In October, listed recruitment firm Accordant said it was cautiously optimistic trading conditions would improve after certainty of government, increased business confidence and a healthier outlook for interest rate stabilisation.
Come March, and in an update to the market, it flagged a much softer trading environment.
The company, which owns executive recruiter JacksonStone & Partners, Madison, Hobson Leavy and “blue collar” recruiter AWF, warned its net profit would be materially lower than the $2m reported for the prior year.
It flagged the Government had asked public sector agencies to identify savings in back-office expenditure in the range of 6.5 per cent to 7.5 per cent, “which we expect will impact in the areas of consulting and contracting especially”.
JacksonStone & Partners had already been affected by the intended cost cuts, with revenues from public sector contracting and permanent placements down 15 per cent to date against the prior year, it said.
Madison experienced the same decline in government contracting, Accordant said, with a widespread slowdown in temporary and permanent entry-level and support roles driving a 20 per cent drop in revenues. It said it expected to review the carrying goodwill value for the business unit as of March 31, 2024.
On the flipside, Accordant said a renewed Government focus on permanent placements would benefit the JacksonStone& Partners business mid-term, “as executive and managerial changes drive further demand for talent over the coming year”.
AWF had steadily grown its deployed workforce over the past 12 months with revenues up 5 per cent against the prior year after focusing on civil infrastructure, logistics and roading, it said.
Listed property firm Argosy’s top 10 customers by rent graph is headed by MBIE. Stats NZ, Kā inga Ora, the Ministry of Housing and the Urban Development and Parliamentary Corporation also make the list.
Argosy derives 34 per cent of its rental income from the Government, an interim results announcement published in November showed, followed by transport and storage and retail trade.
The listed firm said exposure to the government sector provided earnings defensiveness and certainty.
Argosy chief executive Peter Mence said the reduction in government headcount was only giving up a lot of growth that had occurred across the past 24 months.
“We knew there was a potential for a change in government. We knew that government growth was unusually high. We did expect to see that reverse. And as a consequence, you get the leases and the bits and pieces sorted, and make sure your shareholders are looked after.”
He said the Government Property Group, which leads the Government’s property strategy and gives agencies property advice, had been measured and methodical and strategic in the way it had handled the cutbacks.
“It’s not having a significant impact because it’s been well signalled and well planned.”
Mence said office leases tended to be long and he suspected there would be “consolidation away from working from home” with more people coming into the office.
“I don’t think there’s anything quite as motivating to get people to work from the office as to think that they might be losing a job.”
He said the Wellington central business district was already more vibrant because of the return to the office.
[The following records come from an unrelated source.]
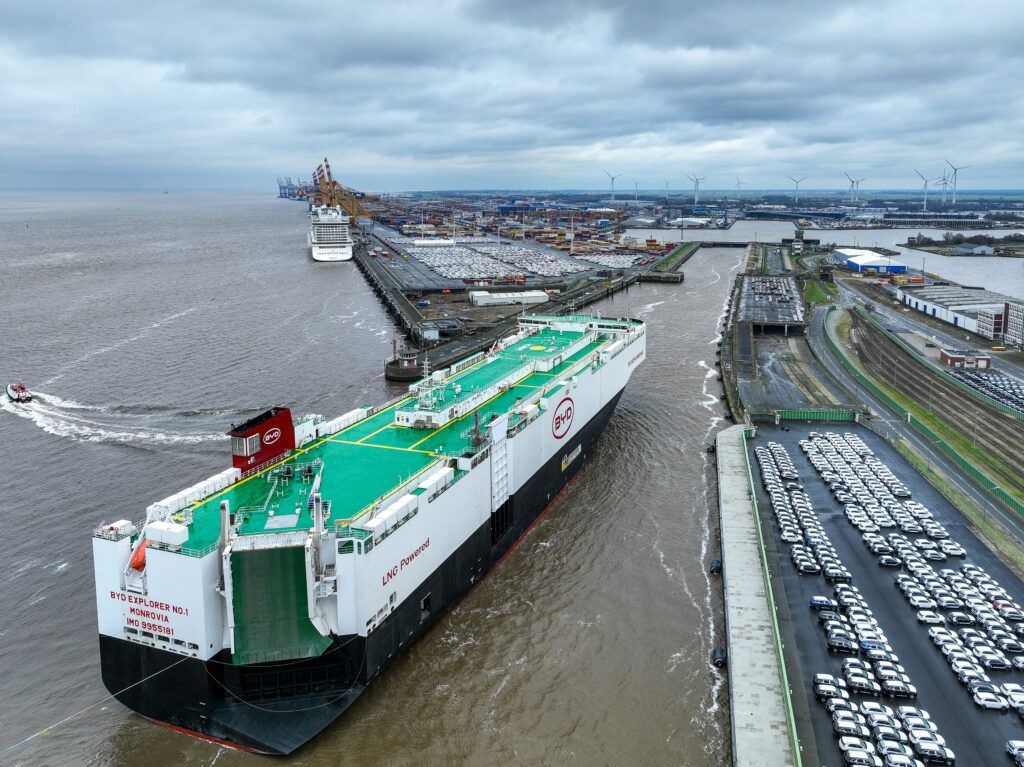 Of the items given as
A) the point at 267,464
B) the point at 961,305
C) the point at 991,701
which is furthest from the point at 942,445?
the point at 961,305

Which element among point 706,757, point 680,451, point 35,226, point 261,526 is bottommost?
point 706,757

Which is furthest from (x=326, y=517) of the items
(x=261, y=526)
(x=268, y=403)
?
(x=268, y=403)

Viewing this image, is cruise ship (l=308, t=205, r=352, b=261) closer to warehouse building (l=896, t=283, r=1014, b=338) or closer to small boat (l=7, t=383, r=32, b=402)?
small boat (l=7, t=383, r=32, b=402)

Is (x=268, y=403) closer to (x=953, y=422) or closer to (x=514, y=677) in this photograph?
(x=514, y=677)

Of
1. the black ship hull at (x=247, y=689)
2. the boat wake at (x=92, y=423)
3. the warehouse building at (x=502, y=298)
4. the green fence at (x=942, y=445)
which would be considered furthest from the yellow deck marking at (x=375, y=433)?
the warehouse building at (x=502, y=298)

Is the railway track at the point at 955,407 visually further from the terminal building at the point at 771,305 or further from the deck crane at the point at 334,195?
the deck crane at the point at 334,195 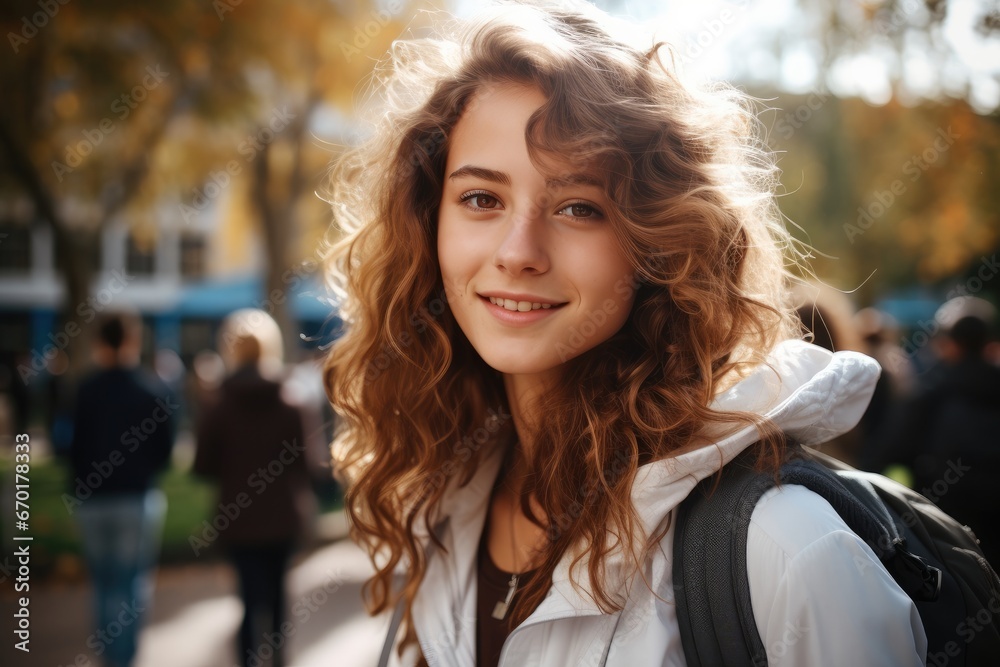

And those offices needed to be up to scratch for workers, Mense said.
“The vast majority of our tenant inquiry across the market — with the exception of retail — but for industrial and for commercial space, is for green space. People are focused on sustainability. Feedback, particularly from office occupiers, has been that they understand they need to provide a workspace that is appropriate for younger people, or they will not keep their staff.”
Flow-on effects will spread wider than public servants directly affected.